— Task prompt —
A faithful copy of the data is the goal; set it down exactly, without the images.

— Source material —

╔══

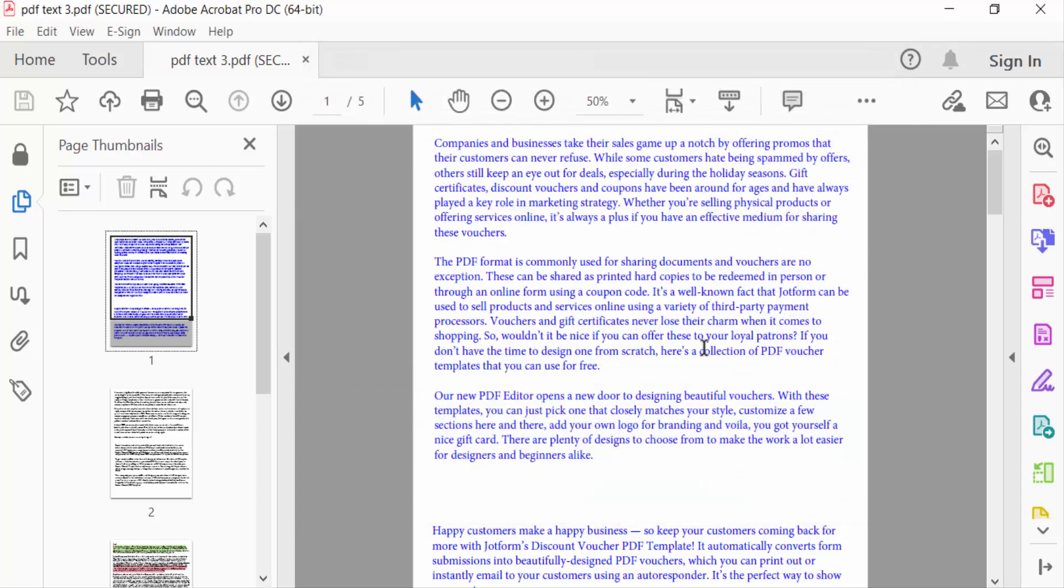This is the way to print actual size in multiple pages in a PDF document. I hope you enjoyed this video. Thanks for watching, and don't forget to subscribe to my channel. Thank you.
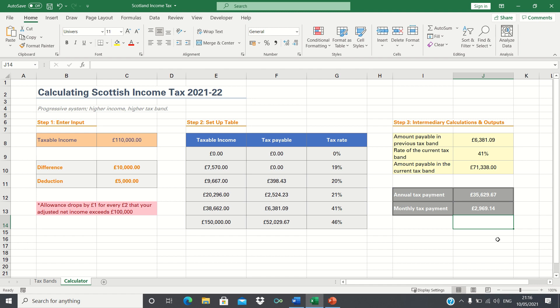So that's how you can calculate this year's Scottish income tax in Excel. Please give this video a thumbs up if you found it useful, and subscribe to the Excel Hub for weekly Excel tutorials, techniques and examples.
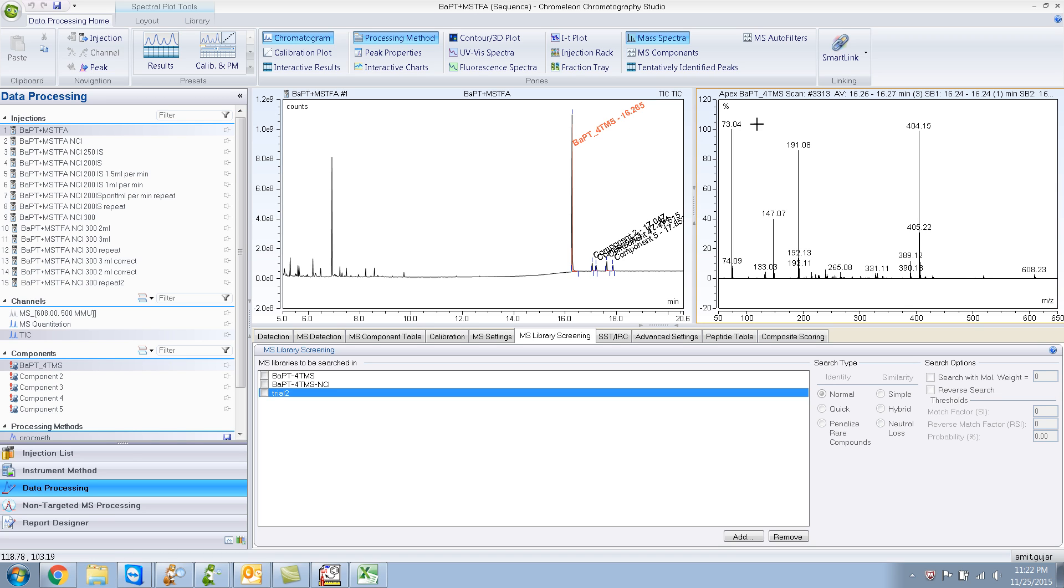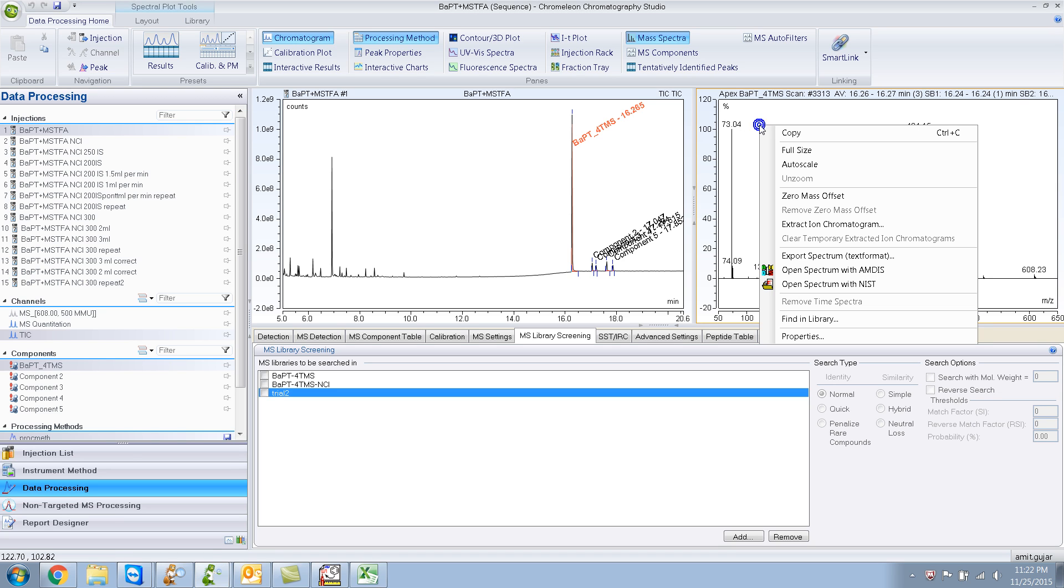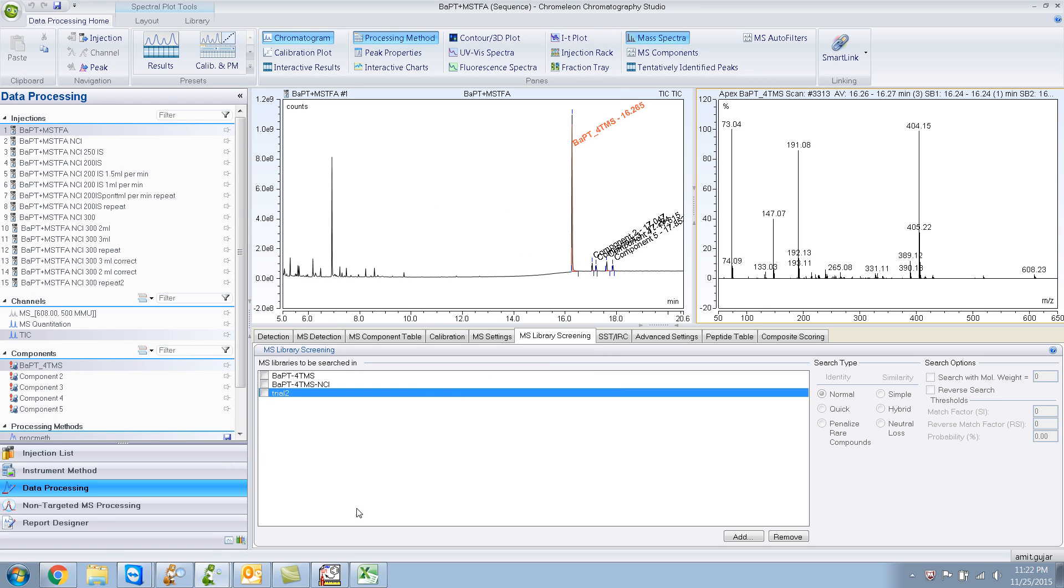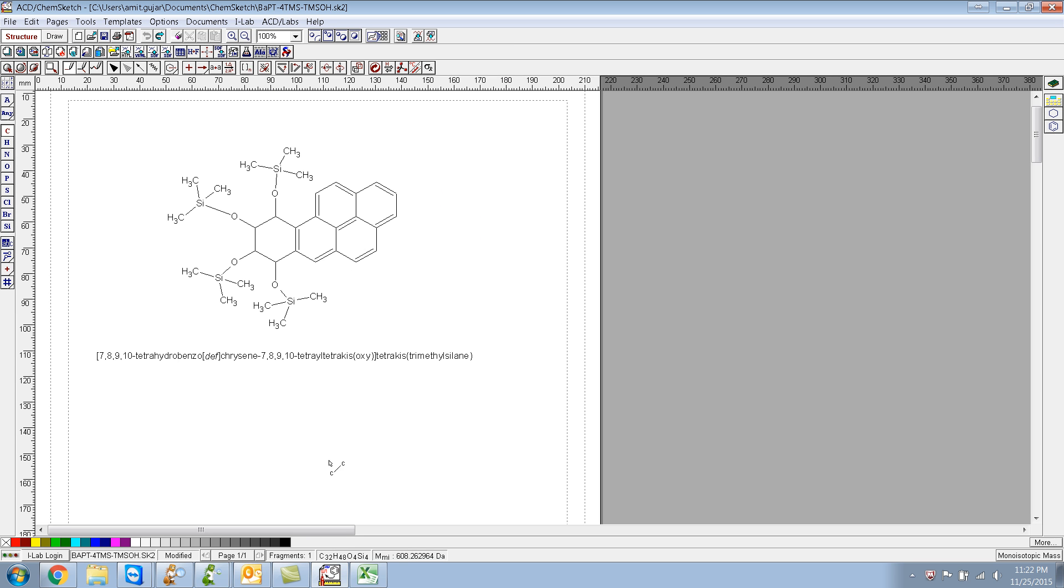So if I do a library search like this, it gives me a poor hit. And I'm sure that this is not the compound that I'm looking for. So the compound that I'm looking for is this one. It's benzene apyrene tetrol, the 4TMS derivative.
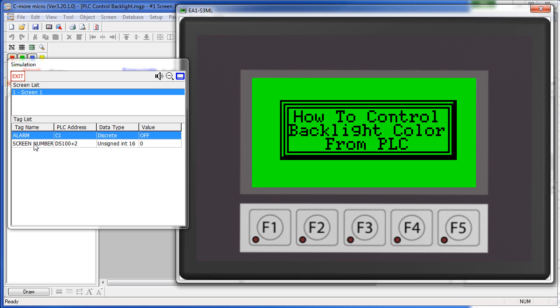So if the screen number is at address DS100, the backlight color is at the tag that is at DS100 plus 2. The screen colors are 0 through 5, with 6 being off and 0 being the current color, that is the color that the screen was originally programmed to be.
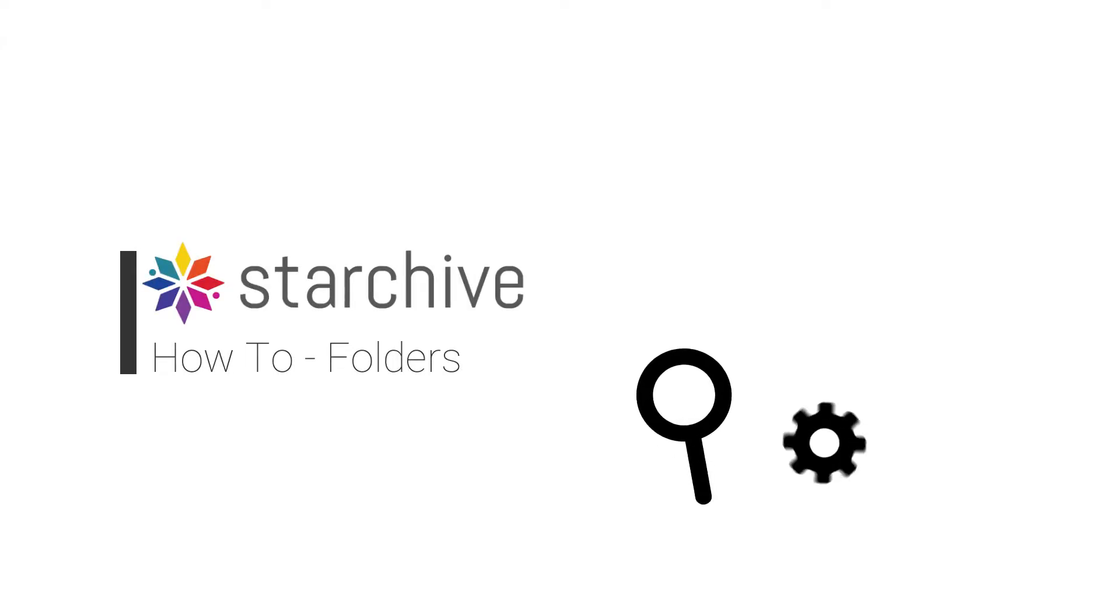Welcome to the StarKive How-To Folders video. Find, manage, and share your media.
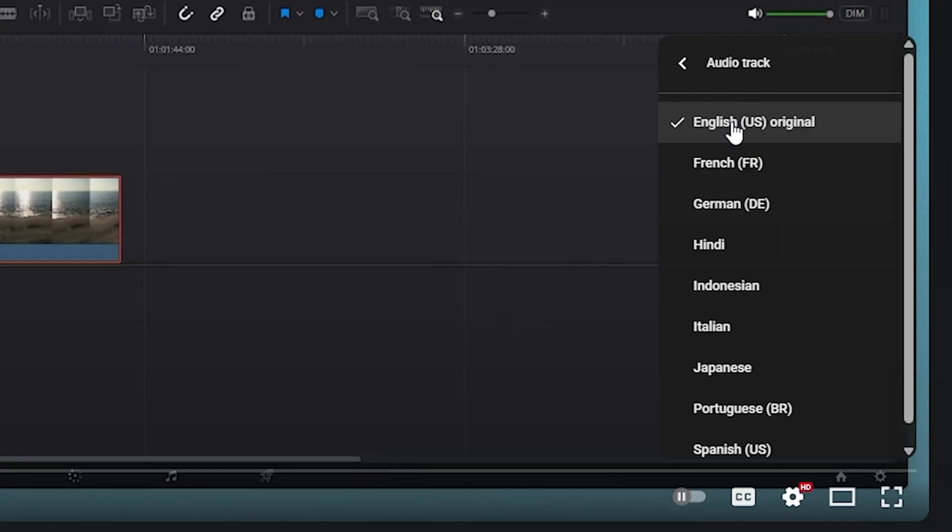Unfortunately, right now, there's no way that you can turn off auto dubbing across all of YouTube. You can only do it on whichever video you're watching.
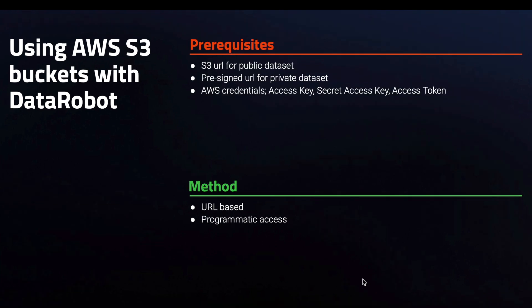Depending on the method, URL-based or programmatic access, we will need S3 URLs or access credentials respectively.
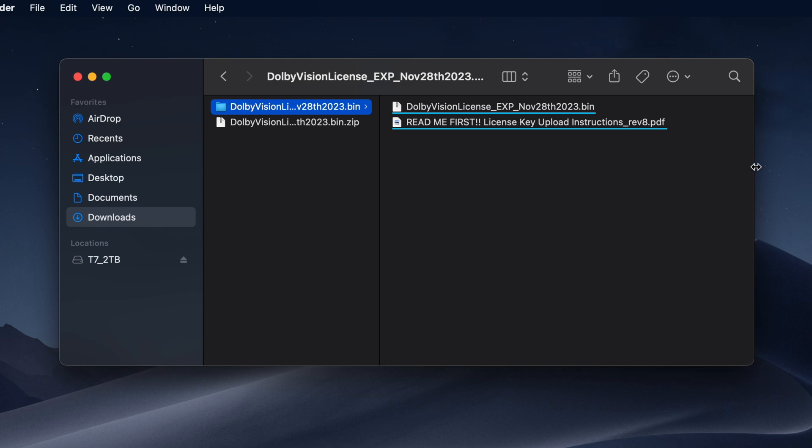Previous Dolby Vision license files also contained a configuration file that is no longer needed. Keep the license file in a safe place as you can use the same license to activate Dolby Vision on multiple systems or software in your facility.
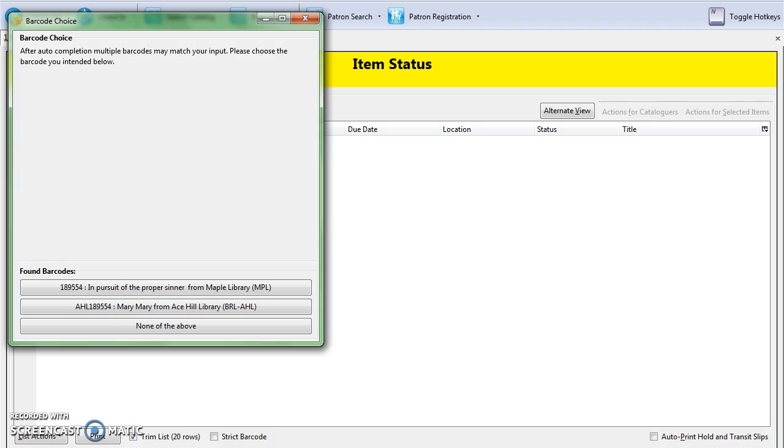If the barcode triggering the barcode completion pop-up is not a 14-digit barcode, you may wish to re-barcode the item or issue the patron a new library card to prevent future pop-ups caused by that barcode.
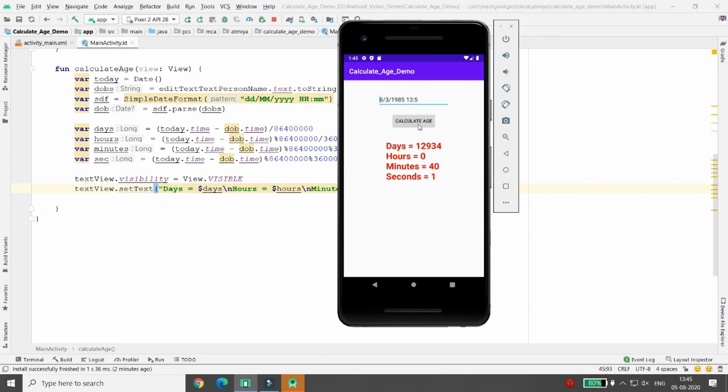This is the way you can calculate age in days, hours, minutes, and seconds using Kotlin in Android. That's it from my side. If you like this video, please like, share, and subscribe to my channel. Thank you all.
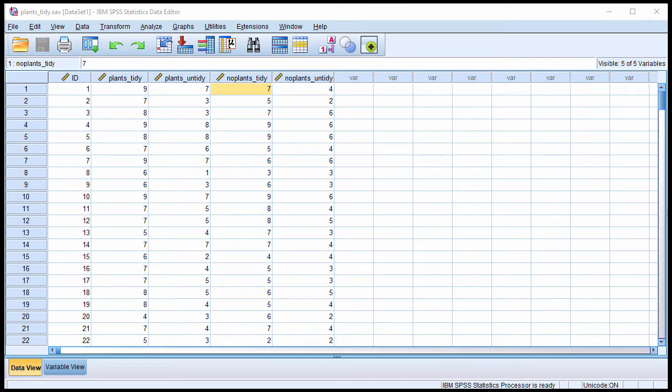In the previous video, I showed you how to test for statistical significance, main effects, and interactions in a 2x2 factorial within subjects ANOVA.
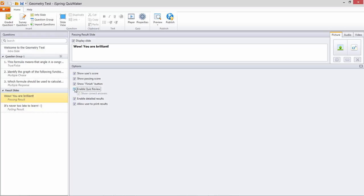The quiz review option is available as a button on the result slides and allows your users to navigate back through the quiz and see which answers they got correct, incorrect, and partially correct.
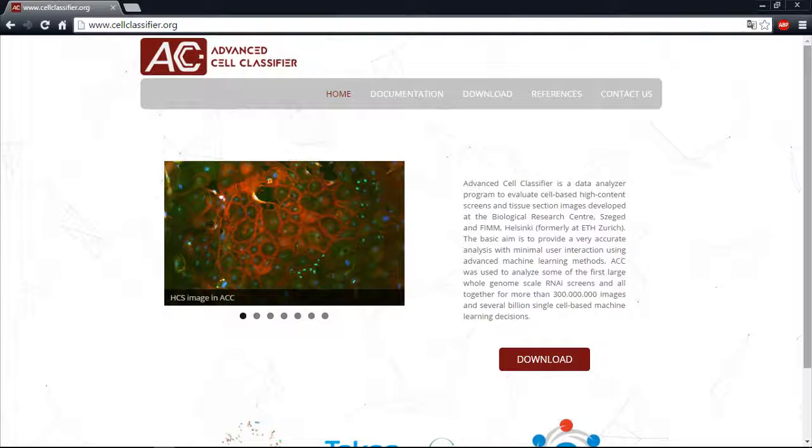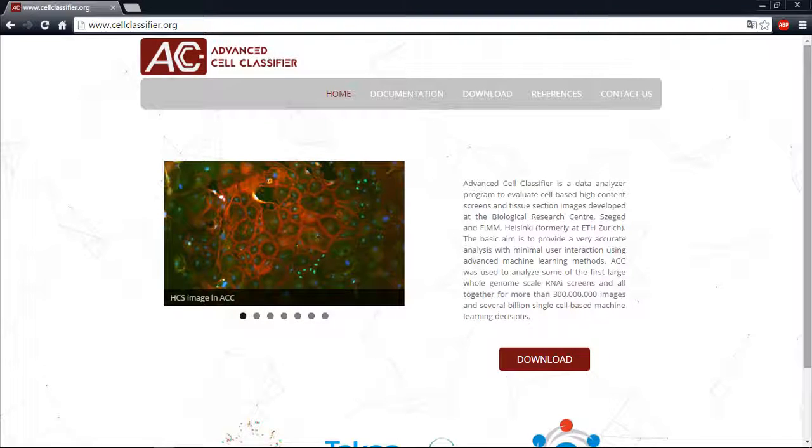Advanced Cell Classifier is a user-friendly data visualization and analysis software tool for cell-based high-content screens. The main aim of ACC is to provide accurate phenotypic analysis using advanced machine learning methods with minimal user interaction.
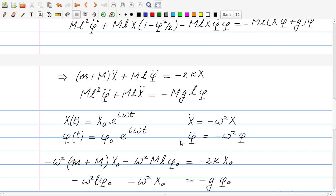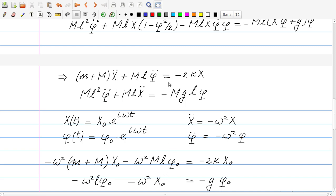If we can solve those linear equations for x0, phi0, and omega squared, then we have found a solution to the equations of motion.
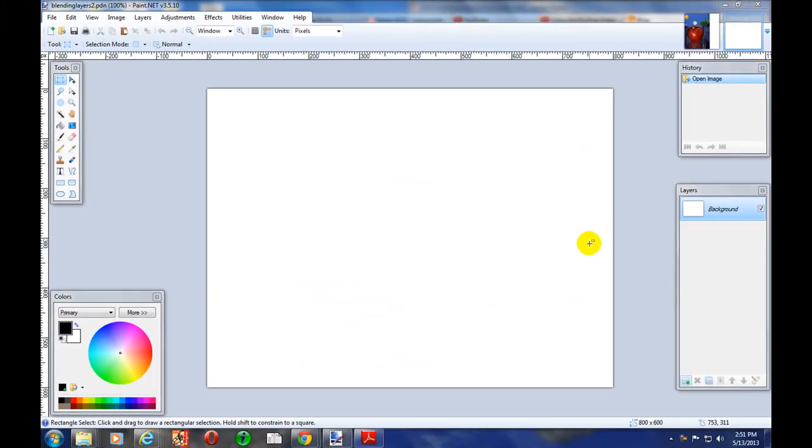Hello, this is Matt Sherwood with the Tech and Stuff channel. Today I'm going to talk to you about blending layers with Paint.NET.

╚══

— Problem solution —
This is the way to print actual size in multiple pages in a PDF document. I hope you enjoyed this video. Thanks for watching, and don't forget to subscribe to my channel. Thank you.
So that's how you can calculate this year's Scottish income tax in Excel. Please give this video a thumbs up if you found it useful, and subscribe to the Excel Hub for weekly Excel tutorials, techniques and examples.
So if I do a library search like this, it gives me a poor hit. And I'm sure that this is not the compound that I'm looking for. So the compound that I'm looking for is this one. It's benzene apyrene tetrol, the 4TMS derivative.
So if the screen number is at address DS100, the backlight color is at the tag that is at DS100 plus 2. The screen colors are 0 through 5, with 6 being off and 0 being the current color, that is the color that the screen was originally programmed to be.
Welcome to the StarKive How-To Folders video. Find, manage, and share your media.
Unfortunately, right now, there's no way that you can turn off auto dubbing across all of YouTube. You can only do it on whichever video you're watching.
Depending on the method, URL-based or programmatic access, we will need S3 URLs or access credentials respectively.
Previous Dolby Vision license files also contained a configuration file that is no longer needed. Keep the license file in a safe place as you can use the same license to activate Dolby Vision on multiple systems or software in your facility.
If the barcode triggering the barcode completion pop-up is not a 14-digit barcode, you may wish to re-barcode the item or issue the patron a new library card to prevent future pop-ups caused by that barcode.
This is the way you can calculate age in days, hours, minutes, and seconds using Kotlin in Android. That's it from my side. If you like this video, please like, share, and subscribe to my channel. Thank you all.
In the previous video, I showed you how to test for statistical significance, main effects, and interactions in a 2x2 factorial within subjects ANOVA.
The quiz review option is available as a button on the result slides and allows your users to navigate back through the quiz and see which answers they got correct, incorrect, and partially correct.
Advanced Cell Classifier is a user-friendly data visualization and analysis software tool for cell-based high-content screens. The main aim of ACC is to provide accurate phenotypic analysis using advanced machine learning methods with minimal user interaction.
If we can solve those linear equations for x0, phi0, and omega squared, then we have found a solution to the equations of motion.
Hello, this is Matt Sherwood with the Tech and Stuff channel. Today I'm going to talk to you about blending layers with Paint.NET.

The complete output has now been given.